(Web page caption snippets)
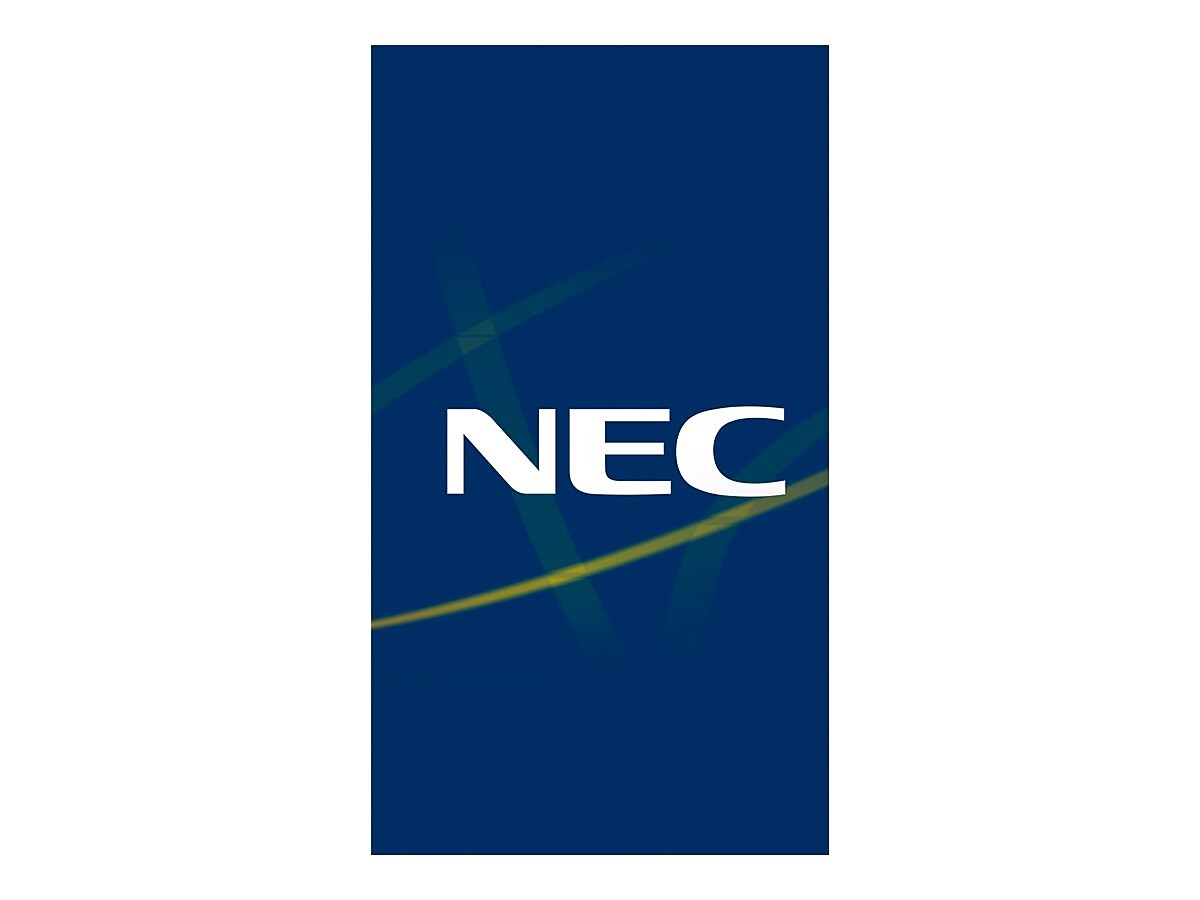 NEC MultiSync Video Wall Display 55" Monitor for Digital Signage (UN552V)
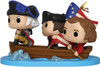 Funko Pop! Icons 11 American History Washington Crossing The Delaware Exclusive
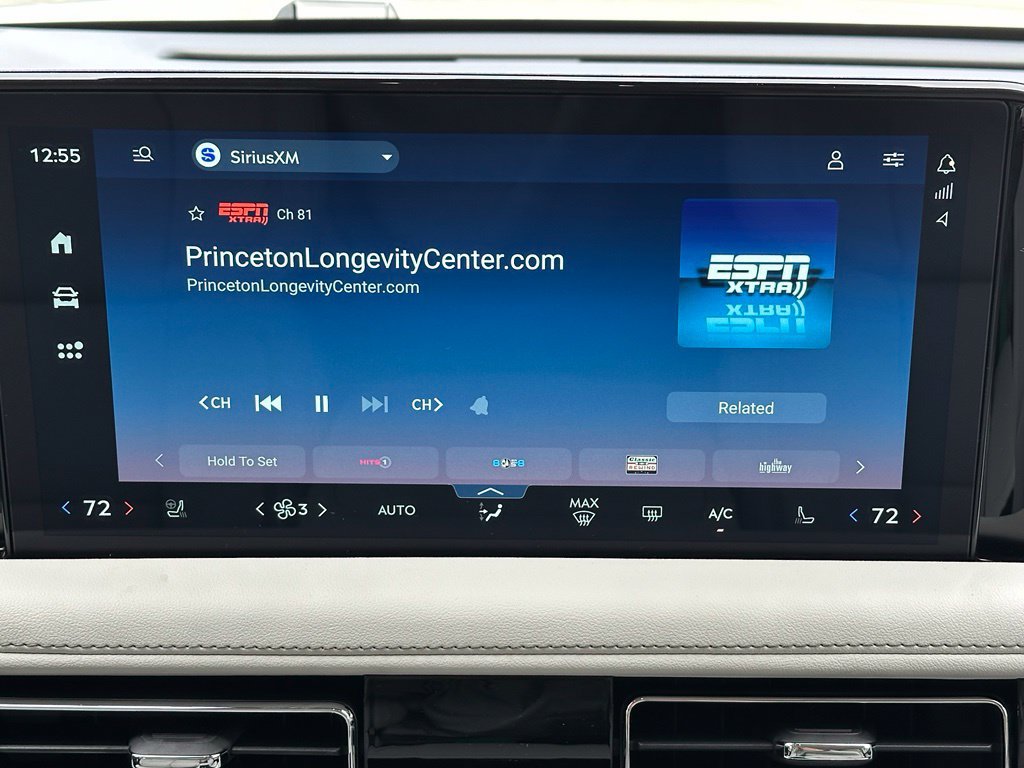 New 2027 Lincoln Aviator Reserve AWD/4WD image 12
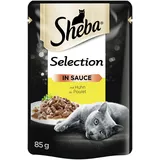 Sheba Cuisine mit Huhn in Sauce 85 g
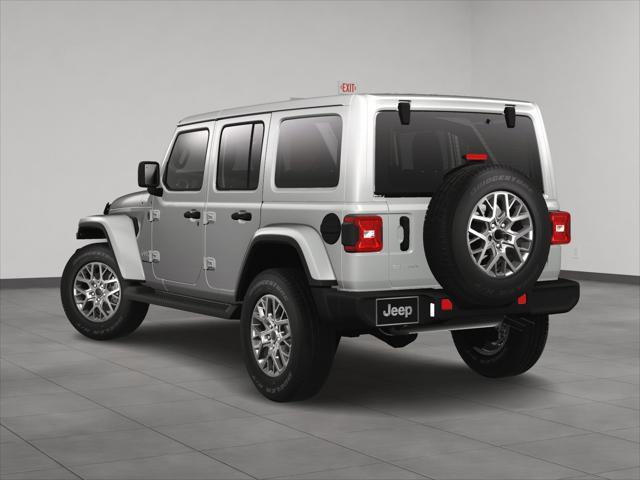 new 2025 Jeep Wrangler car, priced at $54,973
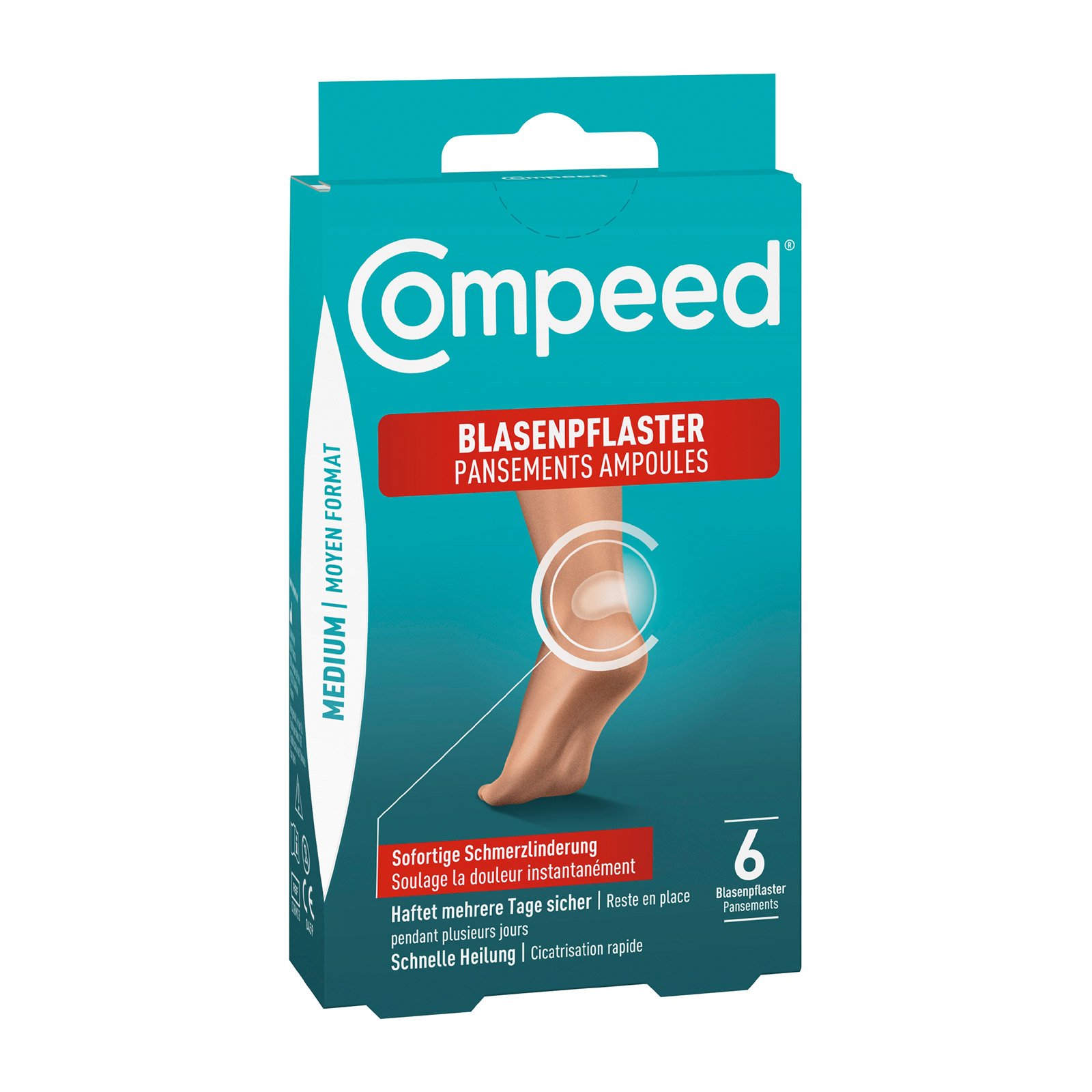 Compeed Blasenpflaster medium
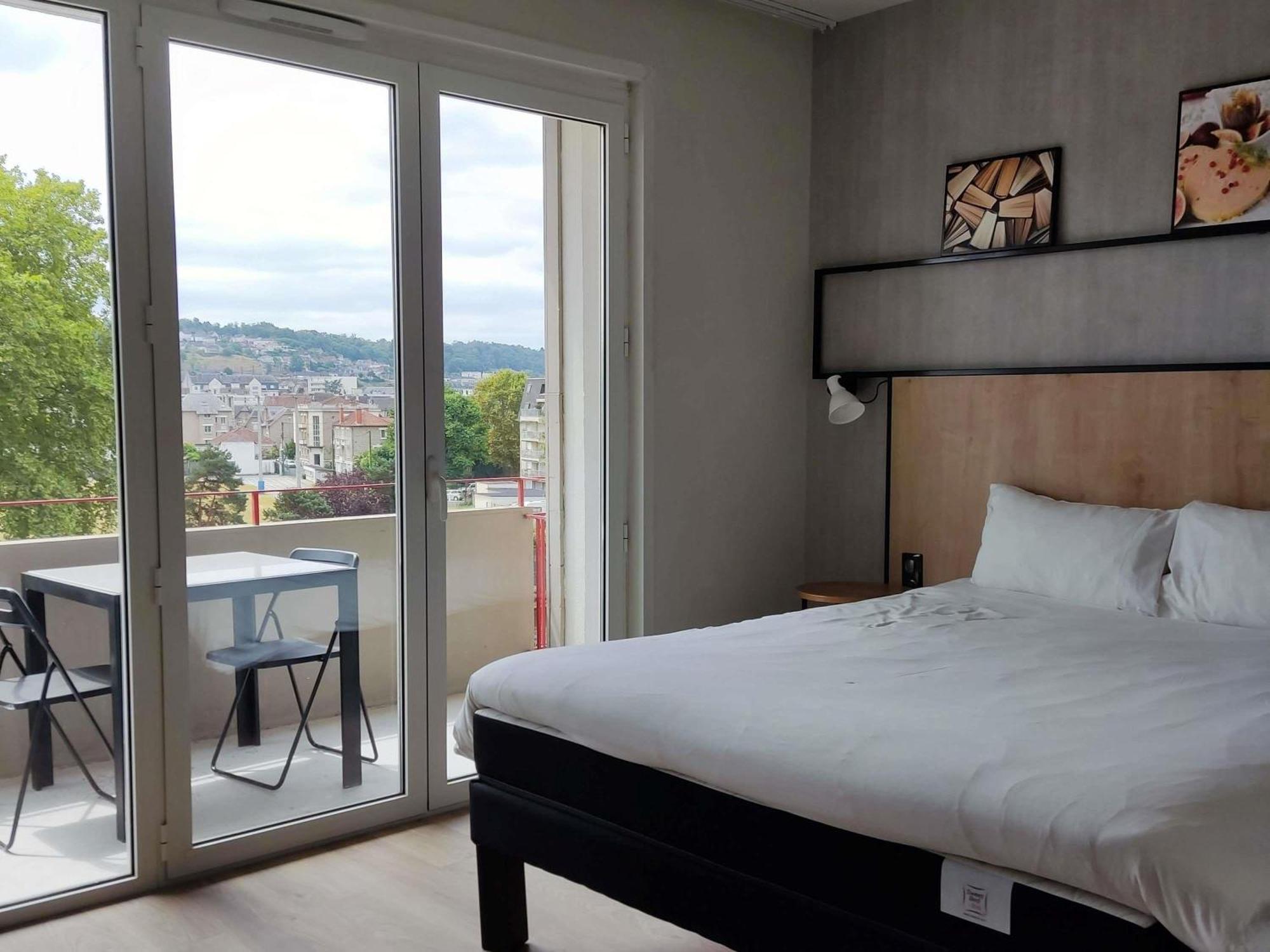 Hotel Ibis Centre Brive-la-Gaillarde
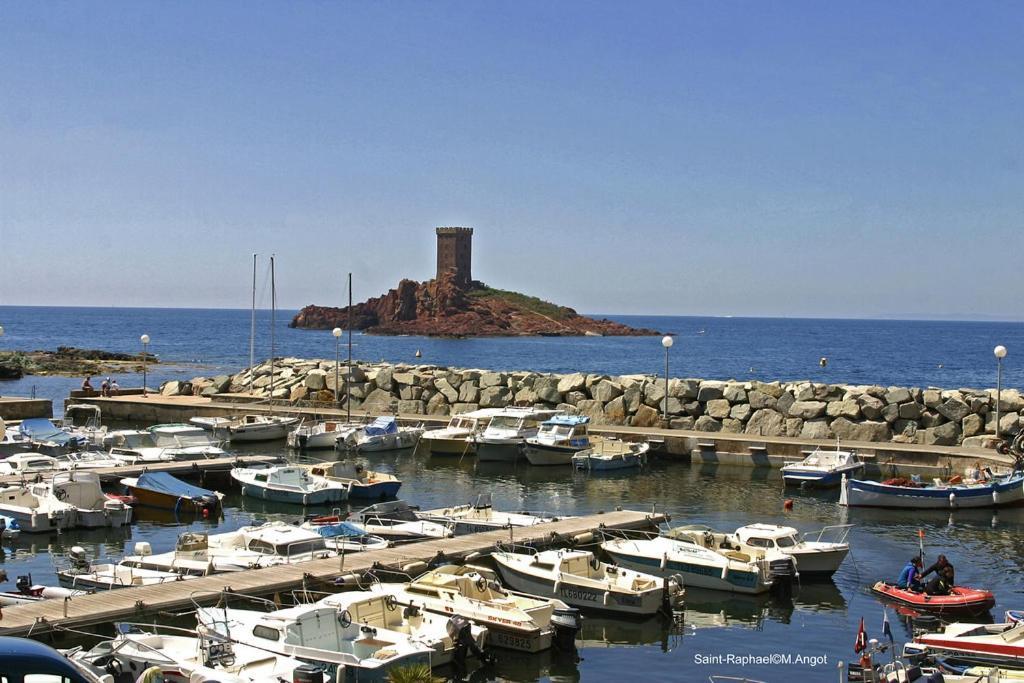 Le Hameau - Cap Esterel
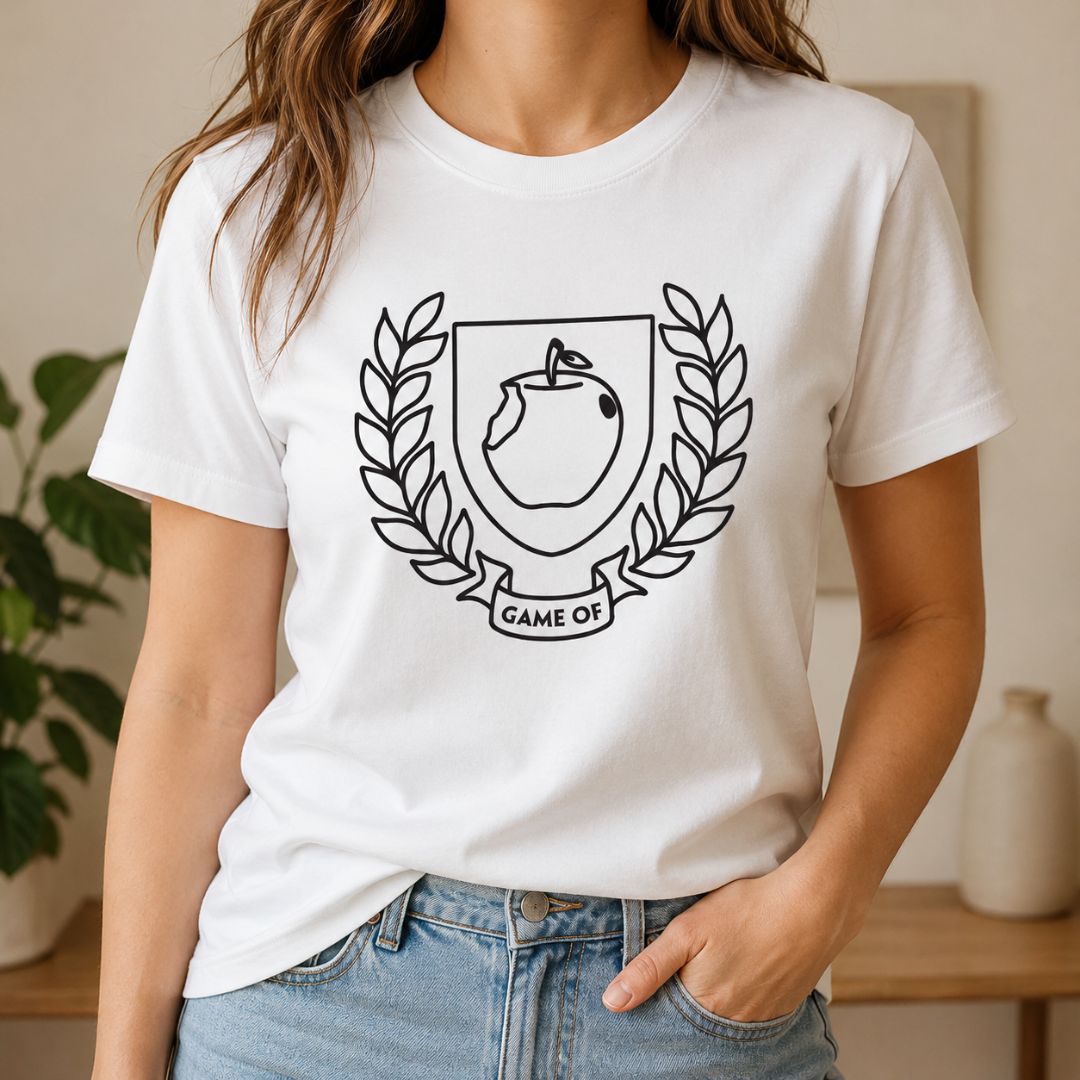 T-Shirt GOG - Game of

● Your instructions
What you return should match the records line for line, minus the pictures.

● Result for this task
 NEC MultiSync Video Wall Display 55" Monitor for Digital Signage (UN552V)
 Funko Pop! Icons 11 American History Washington Crossing The Delaware Exclusive
 New 2027 Lincoln Aviator Reserve AWD/4WD image 12
 Sheba Cuisine mit Huhn in Sauce 85 g
 new 2025 Jeep Wrangler car, priced at $54,973
 Compeed Blasenpflaster medium
 Hotel Ibis Centre Brive-la-Gaillarde
 Le Hameau - Cap Esterel
 T-Shirt GOG - Game of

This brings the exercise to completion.